There seems to have been quite a bit of buzz recently around co-op games, what with the upcoming release of Kingsport Horror and the kudos that Pandemic seems to have been gathering. And after a member of the F:AT staff gave the latter a glowing review last week, I really couldn't resist dipping my rather large and nasty fly in the ointment and longer. See, as far as I'm concerned, no-one who is happy to play co-op games should be allowed to rejoice under the AT label at all. All co-op games are unconditionally crap and worse they're the antithesis of everything that AT ought to stand for.
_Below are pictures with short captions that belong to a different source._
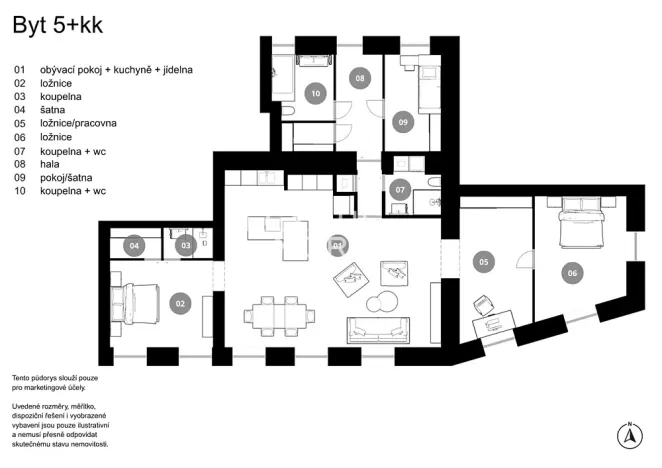 Prodej bytu 5+kk, Praha - Hradčany, Pohořelec, 145 m2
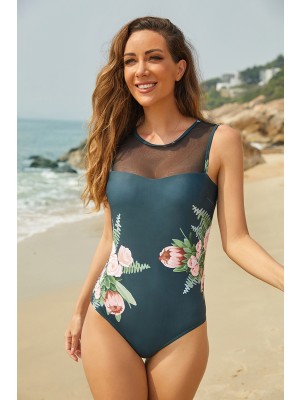 Black Floral Print Wide Straps High Neck Low Back One Piece Swimsuit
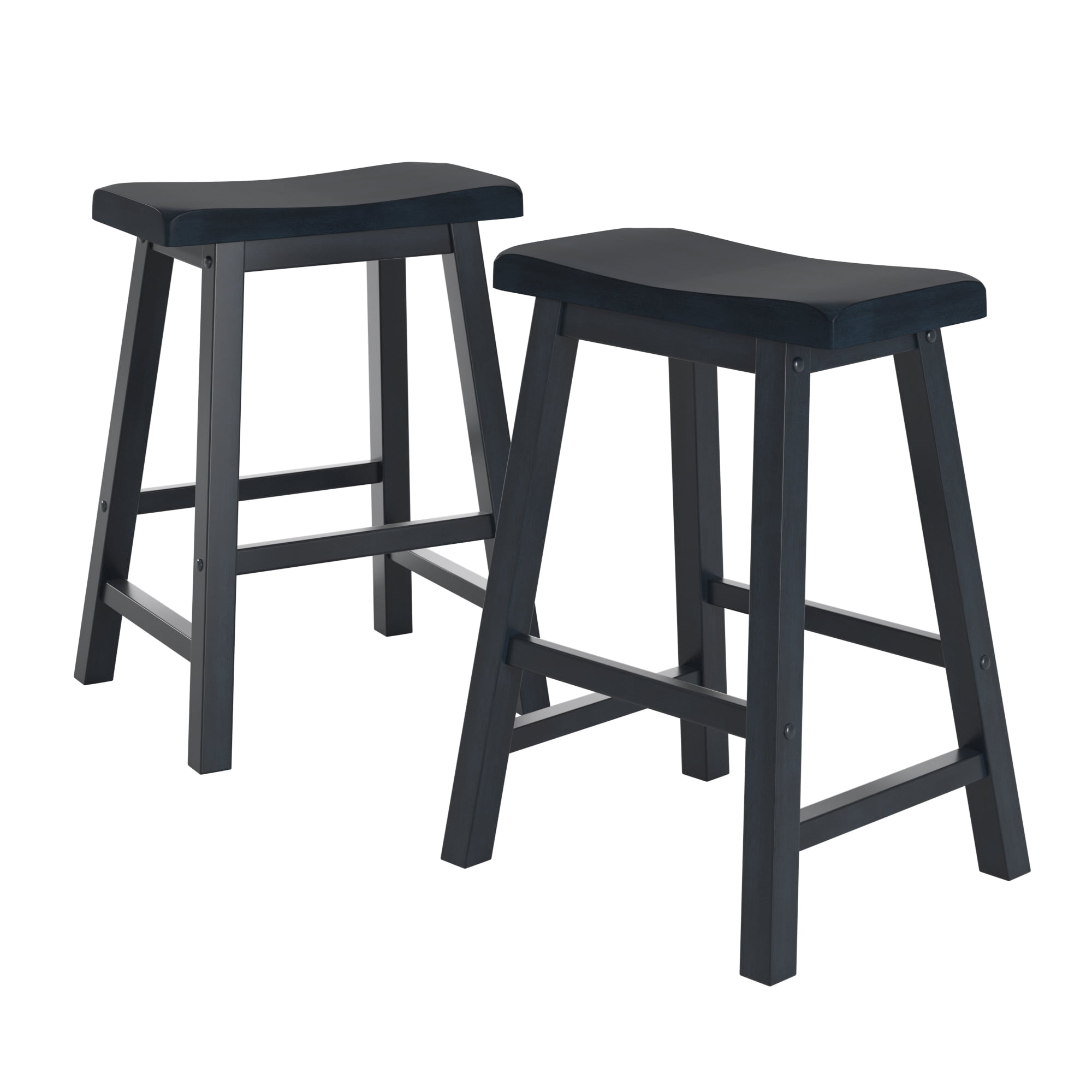 Weston Home Ashby Saddle Seat Backless 24" Counter Stools, Antique Denim (Set of 2)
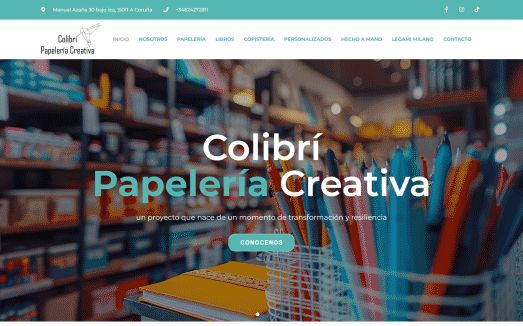 Página de inicio de la web de Papelería Colibrí, en A Coruña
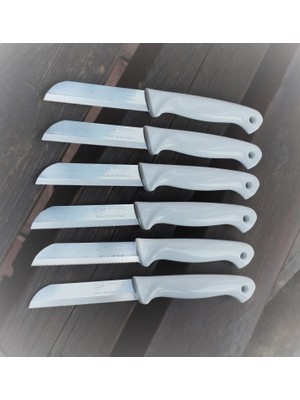 Solingen Meyve Sebze Bıçağı 6 Adet Simli Desen Sapı Delikli  (1.kalite,tırtıklı)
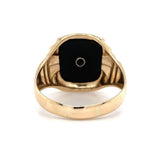 10k Yellow Gold Men's Genuine Natural Black Onyx and Diamond Ring (#J5594)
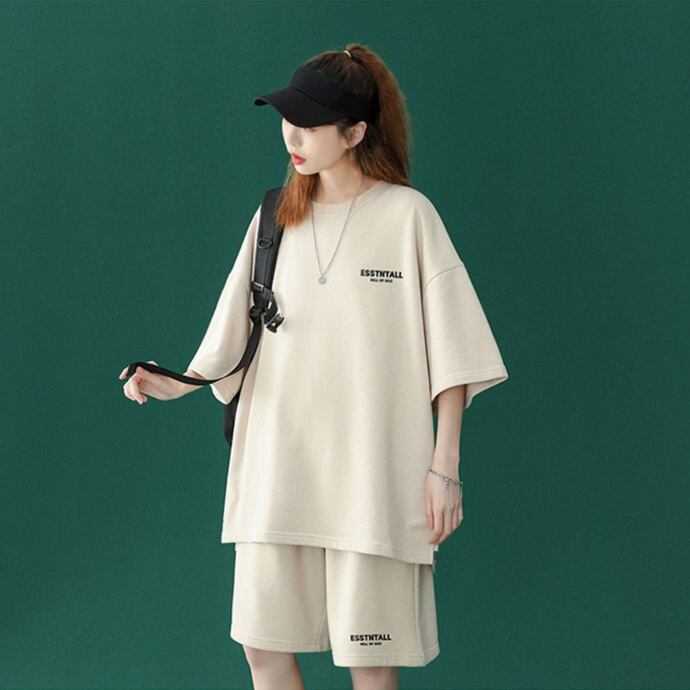 【半額セール】早い者勝ち  男女兼用 半袖Ｔシャツⅹパンツセット全4色<U-6549>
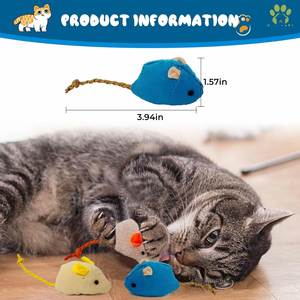 Fast Delivery Interactive Cat <b>Mice</b> Toys - Plush Catnip <b>Mouse</b> Shaped Biting Toys for Indoor Cats Custom Packaging - Product Image 2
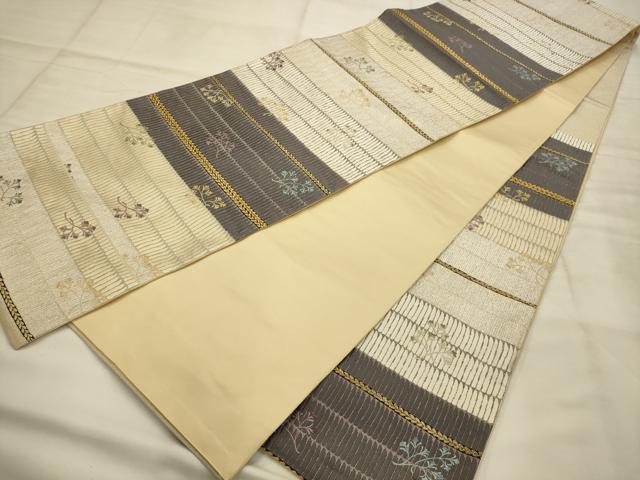 平和屋着物●六通柄袋帯　唐織　海松　金銀糸　正絹　逸品　AABJ2174sx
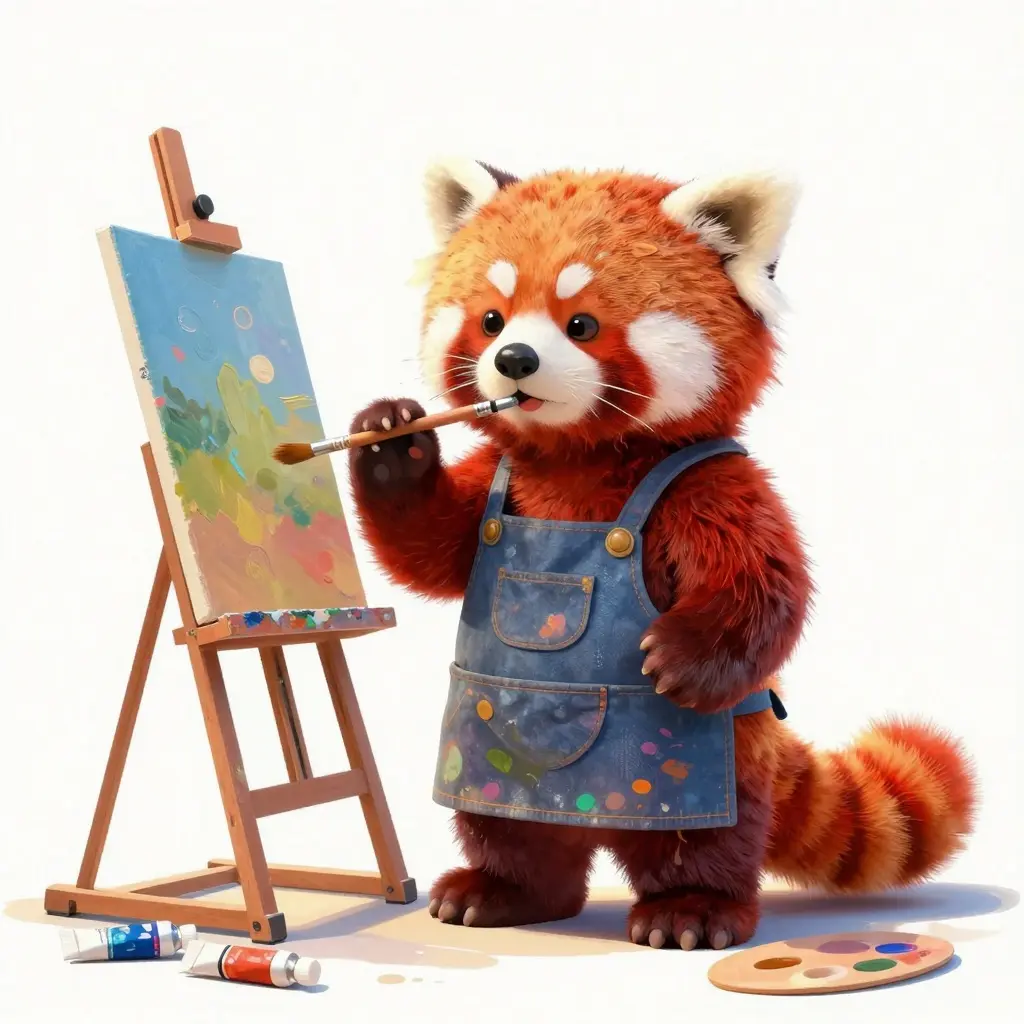 An illustration of a creative anthropomorphic red panda standing in front of an easel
Here's why.
Before I let rip, let me be entirely clear about what I'm not talking about. I'm not talking about solo games. I'm not talking about team games like Axis and Allies or Fury of Dracula where a group of players, who will win or loose as a team, take on either another team or individual players. I'm especially not talking about games in which co-operation is a choice but where players have individual victory conditions, games such as Republic of Rome or Magic Realm. This latter case is worth highlighting because it's a well underused mechanic which can result in some incredibly tense and nail biting choices. Indeed the way it has been implemented in Magic Realm is about the only good thing I can find to say about that game and I'm quite excited at the Return of the Heroes variant that promises similarly open ended gameplay without the vast counterweight of pointless rules and admin time that drowned MR. But I digress. All the game styles I've just mentioned do, to some extent, validate the criticisms I'm about to make of co-op games but all of them also have gigantic get-out clauses that the co-op genre doesn't have. You'll see why as we go along.
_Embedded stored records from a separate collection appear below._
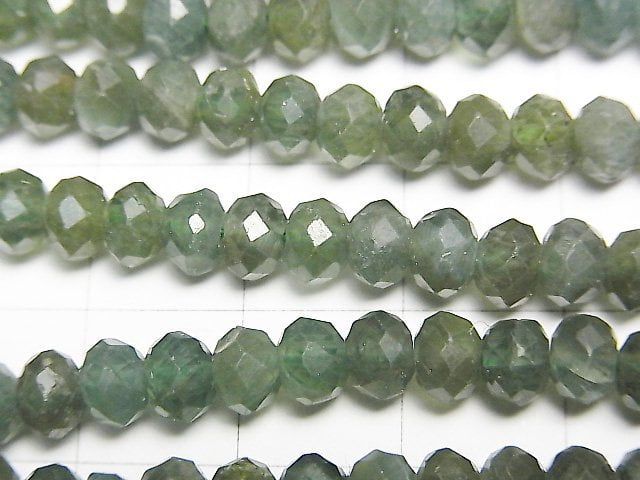 [Video] High Quality! Green Apatite AA+ Faceted Button Roundel 5.5x5.5x4mm half or 1strand beads (aprx.15inch / 37cm)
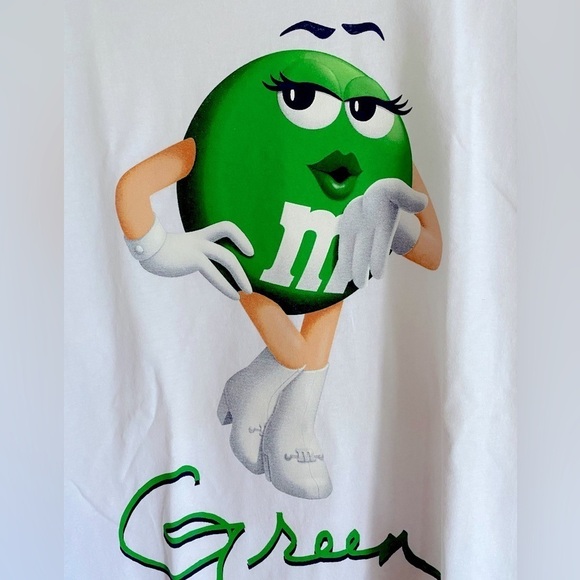 Authentic Old Character Kelly GREEN M&M’s White Short Sleeve Tee Size Large NEW - Picture 7 of 9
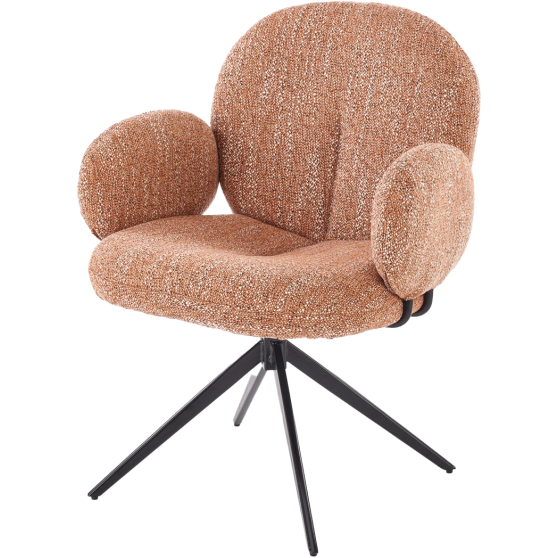 Krzesło metalowe z obrotowym siedziskiem K-568 Czarny / Cynamon Podstawowe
At this point, so much bile is queuing up to be given vent that I'm not really sure where to start.
Let's start with why any self-respecting AT gamer ought to go out and ritually burn every co-op game they own. One of the reasons I like to call myself an AT gamer is because I thrive on being really horrible to other people in games, something which precious few Euros give me the chance to do. There are few greater gaming highs than suddenly and unexpectedly turning the screw and pulling the rug out from under an opponents' feet just when he thought his position had become well-nigh impregnable and especially if he thought you were actually helping him along. I really admired the idea that in Trashfest there would only be first-place prizes because in Ameritrash, second place was worthless. That's a core part of the Ameritrash dream and is absolutely the spirit we all ought to be aspiring to! So why the fuck would any self-respecting AT gamer go out and willingly play themselves in a game in where you have to love up to your fellow gamers? Where's the thrill of competition, the cut-and-thrust of competing strategies in that? If that's what you want then why not put on a kaftan, play a few John Lennon records and since you obviously prefer to protest about nukes rather than play military-industrial-capitalist-complex games about them, give all your AT games to charity shops and get yourself a copy of either "Care Bears Quest for Care-a-lot Card Game" or Knizia's pointless yawn-fest, lovely-dovey co-op version of Lord of the Rings which manages to completely miss both the point and the theme of the story on which it claims to be based.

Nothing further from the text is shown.